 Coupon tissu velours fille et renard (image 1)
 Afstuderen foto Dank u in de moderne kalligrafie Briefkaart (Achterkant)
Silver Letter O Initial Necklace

...

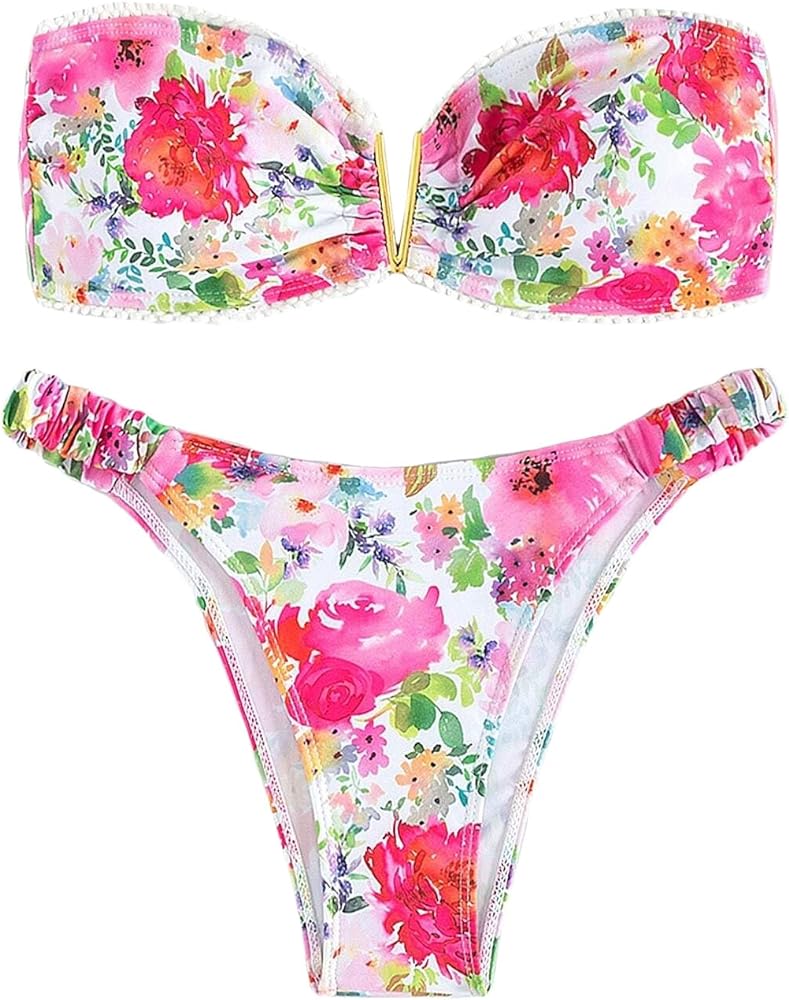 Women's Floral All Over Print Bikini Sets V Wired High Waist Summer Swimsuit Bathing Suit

Exercise details: Look through the entries above and quote exactly the lines from the line with "Afstuderen foto Dank" to the line with "Silver Letter O Initial Necklace", counting both of those lines.

Task result:
 Afstuderen foto Dank u in de moderne kalligrafie Briefkaart (Achterkant)
Silver Letter O Initial Necklace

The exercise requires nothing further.